An inguinal hernia is a medical condition that occurs when a small portion of the intestines protrudes through the abdominal wall and into the groin. Laparoscopic inguinal hernia repair is a minimally invasive surgical procedure aimed at returning the intestines to their normal position and closing the hole in the abdominal wall. Patients are often able to return home the same day as the procedure, and a full recovery does not normally exceed two weeks.
Laparoscopic inguinal hernia repair is performed under general anesthesia, meaning that the patient is completely sedated and unaware that the procedure is taking place. A small tube, known as an IV, is inserted into a vein so that fluids and medications can be introduced directly into the bloodstream. This IV will typically remain in place until just before the patient is released to go home.

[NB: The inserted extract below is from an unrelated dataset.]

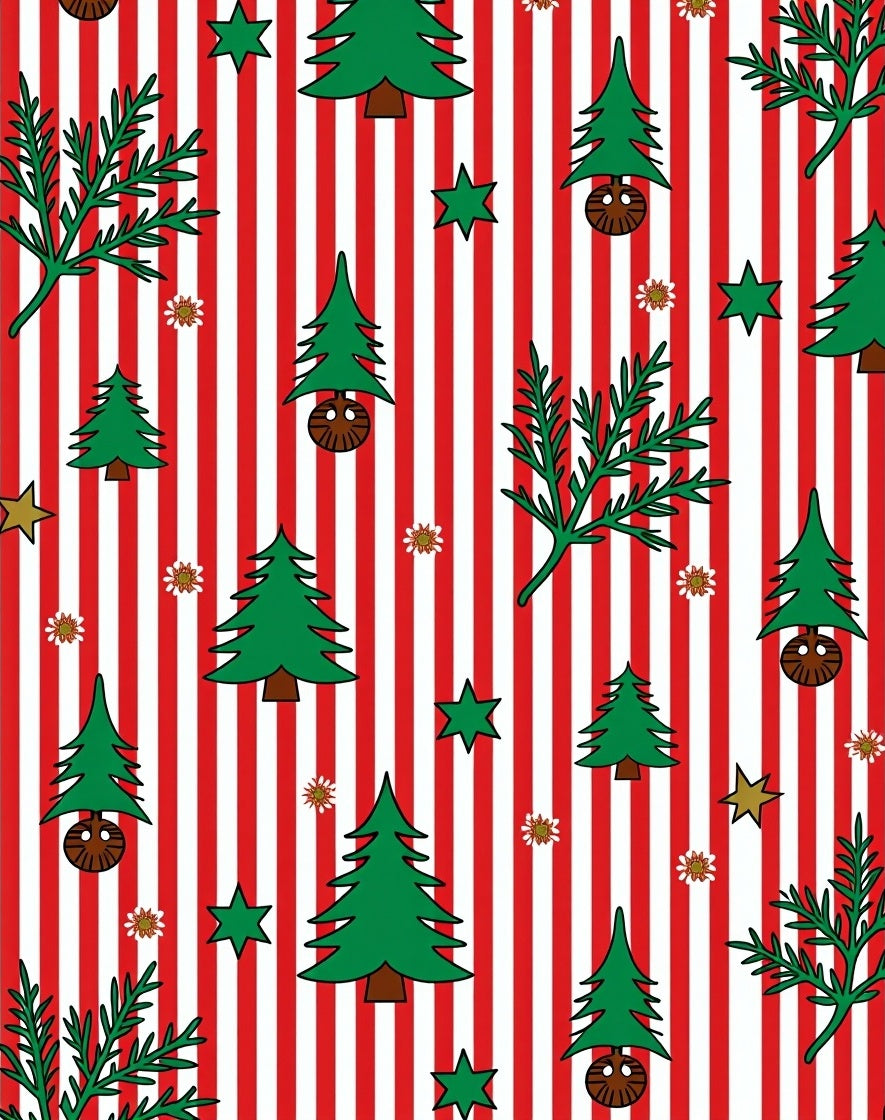 Red White Stripe Christmas Trees Rug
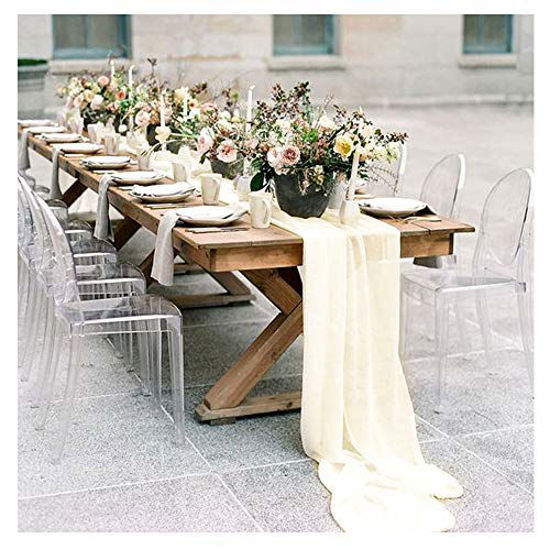 Picture of B-COOL 10pcs Chiffon Table Runner 10Ft Sheer Wedding Runners Ivory 27x120 Inches Romantic Table Runner for Wedding Table Decorations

During laparoscopic inguinal hernia repair, two or three small incisions are made into the abdominal wall. One slightly larger incision is then made in or just below the navel. Air is then introduced into the abdominal cavity to help the surgeon see all of the abdominal organs and structures. A small camera and other medical instruments are inserted into the small holes so the surgeon can make the necessary repairs without having to place his hands inside the abdomen, thus reducing the chances of infection or damage to any of the abdominal organs.

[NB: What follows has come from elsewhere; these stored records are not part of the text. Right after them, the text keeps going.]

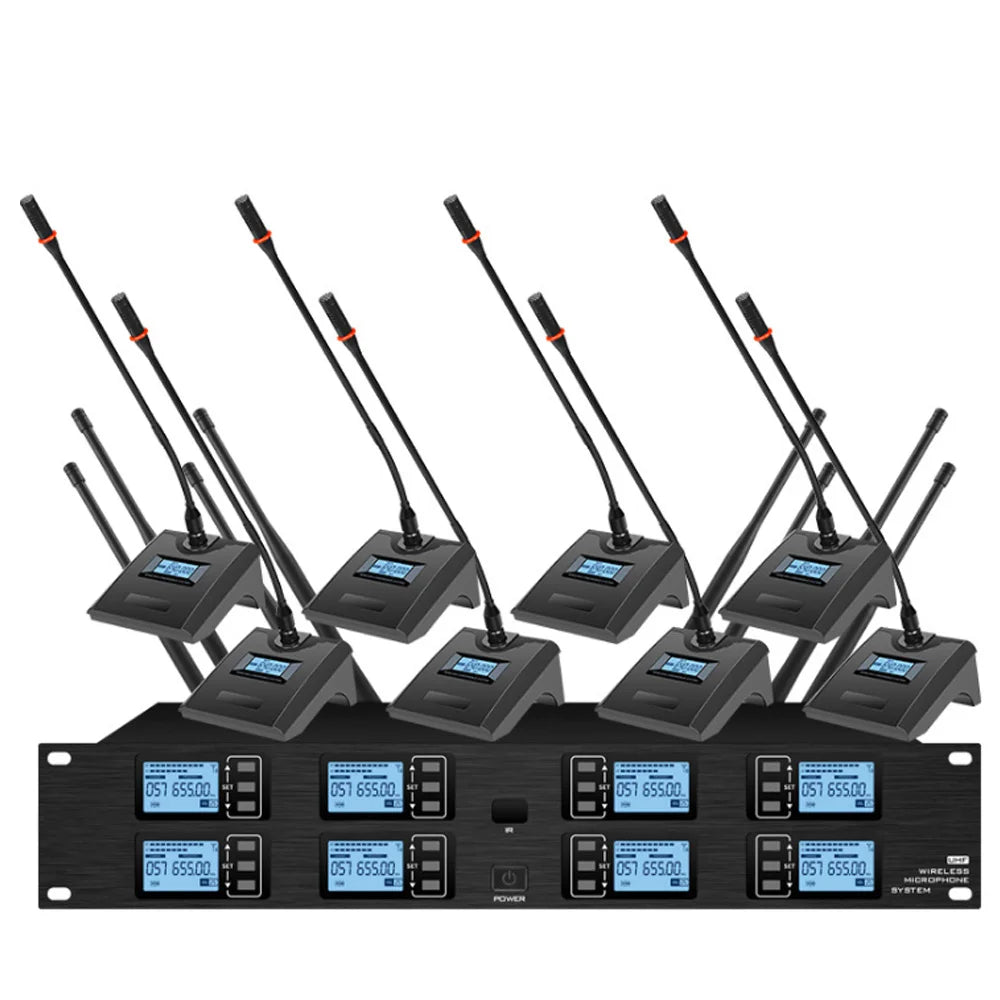 Professional UHF Wireless Microphone, Handheld Lavalier Conference Microphone Suitable for Churches and Stage Performances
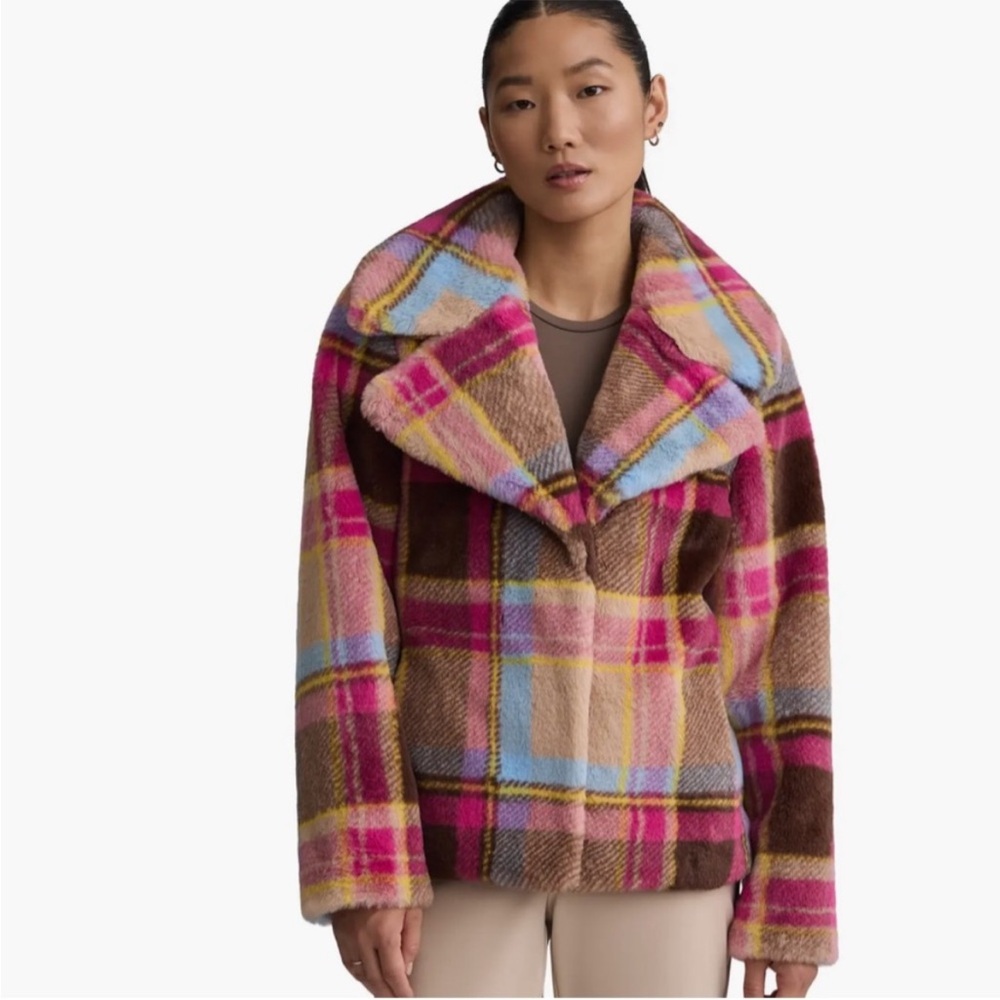 NVLT Multicolor Plaid Vegan Fur Teddy Jacket NWT - Picture 4 of 5
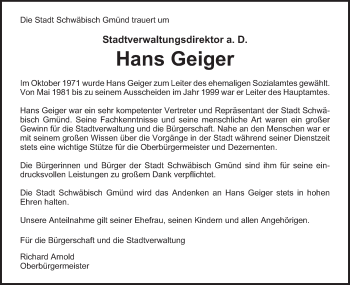Traueranzeige von Hans Geiger von Gmünder Tagespost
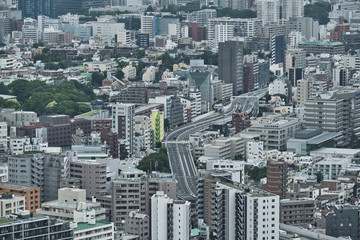 Naklejka premium aerial view of the city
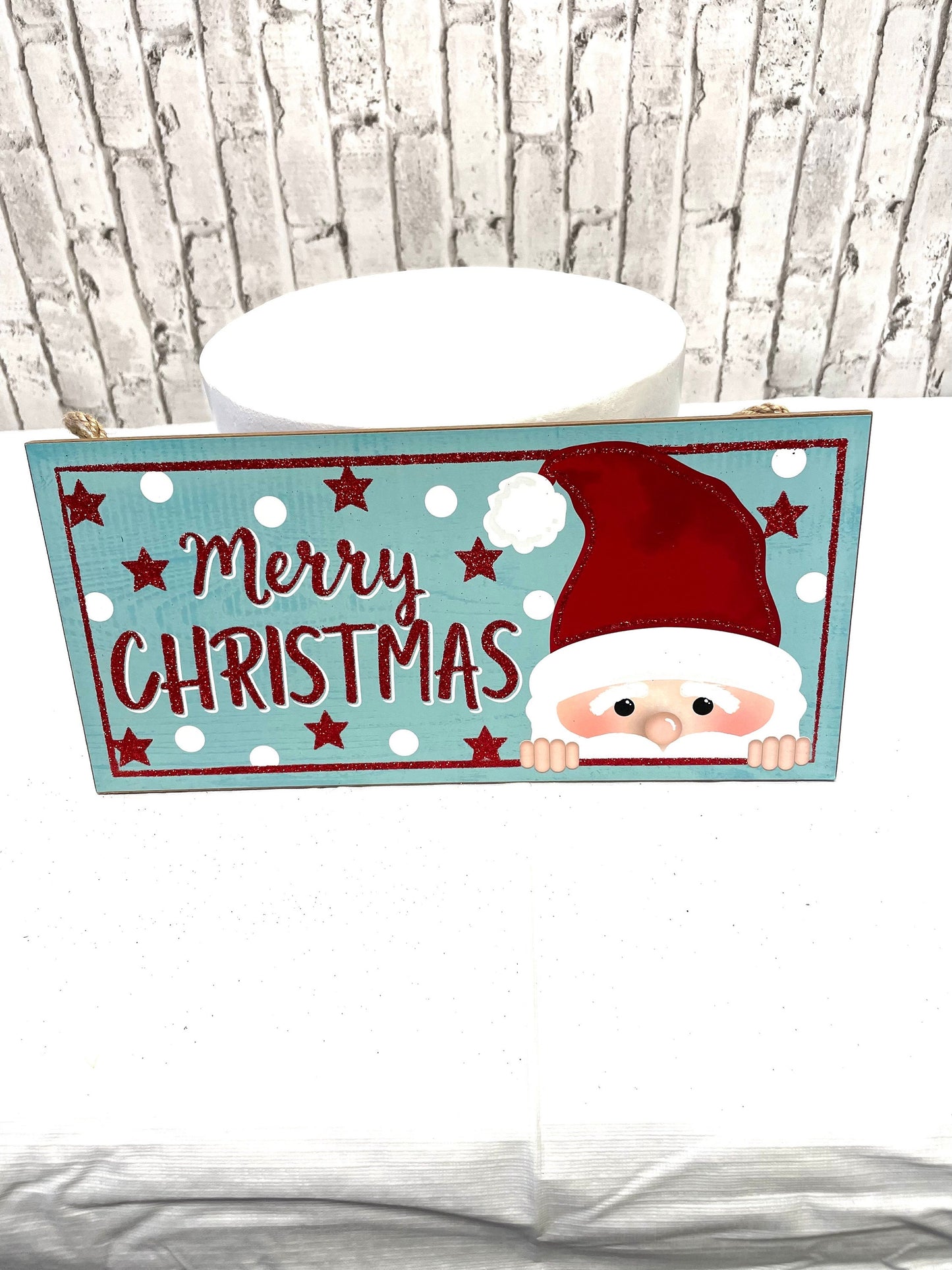 blue Santa peeking sign, AP884814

A type of mesh material is typically placed over the area where the hernia is protruding during the laparoscopic inguinal hernia repair procedure. In some cases, a small portion of the intestines may need to be removed. When this occurs, the damaged portion of the intestine is cut out, and the healthy ends are then reconnected. Once the procedure has been completed, the patient is monitored closely for an hour or so and typically is released to go home the same day.

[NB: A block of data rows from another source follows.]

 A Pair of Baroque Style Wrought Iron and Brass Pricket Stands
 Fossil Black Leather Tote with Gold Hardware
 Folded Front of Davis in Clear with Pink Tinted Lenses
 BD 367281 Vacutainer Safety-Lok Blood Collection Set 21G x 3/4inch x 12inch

There are definite advantages to having laparoscopic inguinal hernia repair instead of an open surgical procedure. With open surgery, the patient must typically spend several days in the hospital instead of going home the same day the procedure is performed. Patients who have open surgery also tend to report more pain issues and have a much longer recovery time. There are some possible complications associated with laparoscopic inguinal hernia repair, but these are rare. Some potential complications may include the development of blood clots, damage to surrounding organs, or a later recurrence of the hernia.